Allopathic Medicine vs Traditional and Complementary Medicines:


Doctors and practitioners of most  alternative systems of medicine learn their therapeutics from Mother Nature thousands of years ago. 


Conventional allopathic doctors use chemical drugs and surgery only less than 100 years ago compared with thousands of years of therapeutic experiences for traditional and other systems of medical practices. 

Conventional drug-based medicine handles chronic and degenerative diseases such as metabolic syndrome (diabetes and endocrine disorders), hypertension, CVA, cardiovascular disorders, cancers, renal and neurological disorders, etc  poorly using synthetic chemical drugs to control (not cure) the disease,  compared to the slower but more responsive therapies of botanical and natural medicines.


Traditional Chinese Medicine for instance has served the Chinese civilization very effectively for over 2000, while naturopathic medicine or natural medicine based on food, rest, physiological fasting, etc  has been around since the time of Greek Physician, Hippocrates of Kos, the Father of Medicine around   460 – c. 370 BC.  Hippocrates advocated


 "Let Food Be Your Medicine"


This is therapeutic nutrition or nutritional medicine. Food especially plant-based (fruits and vegetable) contains hundreds of phytochemicals including antioxidants. They are functional foods and also be nutraceuticals. Almost half the present generations of synthetic chemical drugs used in conventional medicine have their origin from herbs and medicinal plants.



Hippocrates only advised “let food be your medicine” not the other way round. How can that be using medicine and drugs as our daily food? This round about quote was put there into Hippocrates mouth by modern allopathic doctors and drug companies working hand-in-gloves to promote their chemical drugs as food. The root causes was never taken into account, but simply to supply the same medication month-to-month till the next routine appointment three months later comes round!  
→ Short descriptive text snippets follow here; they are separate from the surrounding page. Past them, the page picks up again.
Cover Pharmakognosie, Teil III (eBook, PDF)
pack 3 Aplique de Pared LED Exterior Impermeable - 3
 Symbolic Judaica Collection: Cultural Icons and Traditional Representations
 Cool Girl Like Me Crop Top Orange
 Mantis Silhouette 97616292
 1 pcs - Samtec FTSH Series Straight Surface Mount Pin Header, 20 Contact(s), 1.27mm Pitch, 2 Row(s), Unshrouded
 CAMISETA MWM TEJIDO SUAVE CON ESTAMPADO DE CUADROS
Unfortunately this last claim by Hippocrates that "let medicine be your food" was repeatedly quoted by many, including health-care professionals like parrots who has not a clue what they are uttering.
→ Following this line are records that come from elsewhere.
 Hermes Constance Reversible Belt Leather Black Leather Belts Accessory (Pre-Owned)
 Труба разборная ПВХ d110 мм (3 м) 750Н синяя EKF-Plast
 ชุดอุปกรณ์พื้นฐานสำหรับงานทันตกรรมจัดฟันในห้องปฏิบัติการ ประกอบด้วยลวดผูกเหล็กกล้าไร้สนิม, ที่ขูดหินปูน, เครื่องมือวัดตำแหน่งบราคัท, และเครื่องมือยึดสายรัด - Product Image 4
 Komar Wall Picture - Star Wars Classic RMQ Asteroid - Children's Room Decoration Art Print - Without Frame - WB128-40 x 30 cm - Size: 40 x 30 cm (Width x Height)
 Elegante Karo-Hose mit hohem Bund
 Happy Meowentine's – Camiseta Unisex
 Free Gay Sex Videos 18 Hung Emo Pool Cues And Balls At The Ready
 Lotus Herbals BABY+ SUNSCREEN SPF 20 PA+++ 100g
They just follow the repeated quotation from others like parrots. They merely follow the crowd to be on the safe side, but has no clue what were they were uttering.


Food and herbs do contain medicinal principles besides their nutrient contents, and can be used as food as well as medicine. But we need to be selective


But how illogical is it to advise someone to take tablets, pills, drugs, injections, including herbal medicines as our daily food and bread?


This last quote is highly illogical and can only come from someone who has no knowledge on the difference between medicine, food and nutrition.


They merely blare out their ignorance by following what others have quoted.


Hippocrates, the Father of Medicine only advised physicians of his time to treat their patients with food, rest and exercise

Never did he advise taking natural medicine as food. Food and medicine are two different things


How illogical to take drugs and all kinds of medicines as our daily food and bread. The body must be terribly ill to be supported like that! 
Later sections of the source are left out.